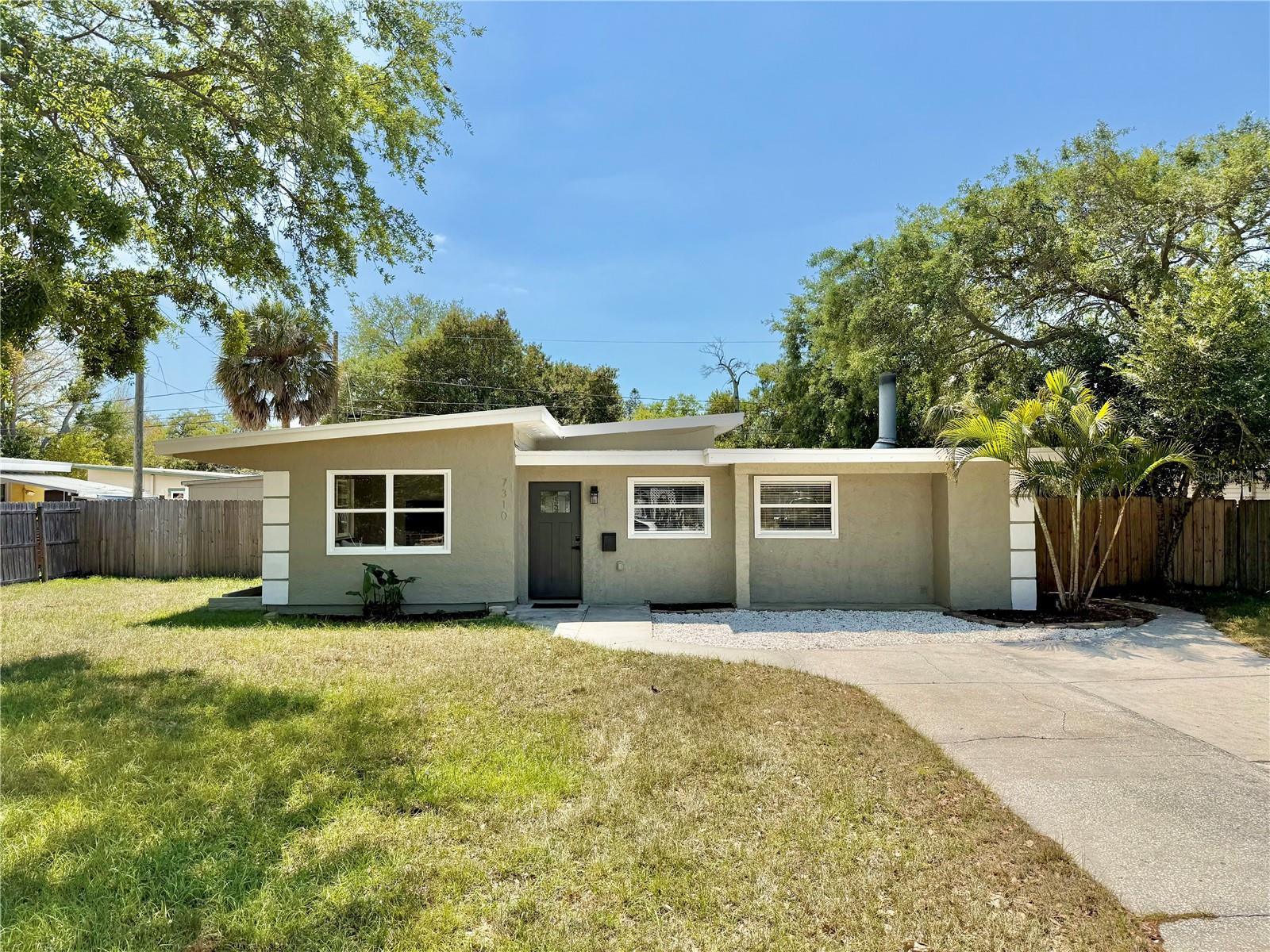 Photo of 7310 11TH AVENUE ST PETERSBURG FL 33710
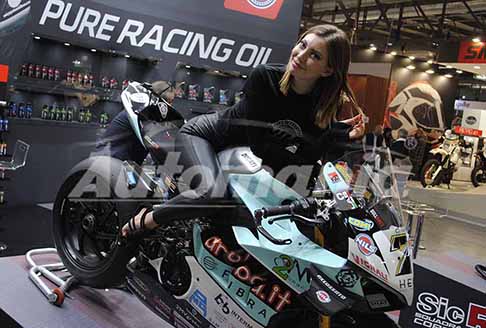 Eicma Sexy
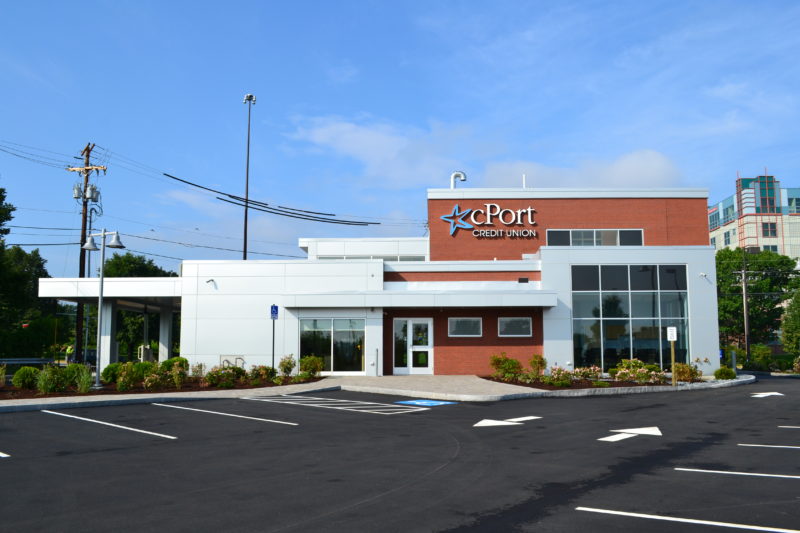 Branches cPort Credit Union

PROBLEM STATEMENT: If the listing above includes images, copy every line of it exactly except those images.

TASK OUTPUT:
 Photo of 7310 11TH AVENUE ST PETERSBURG FL 33710
 Eicma Sexy
 Branches cPort Credit Union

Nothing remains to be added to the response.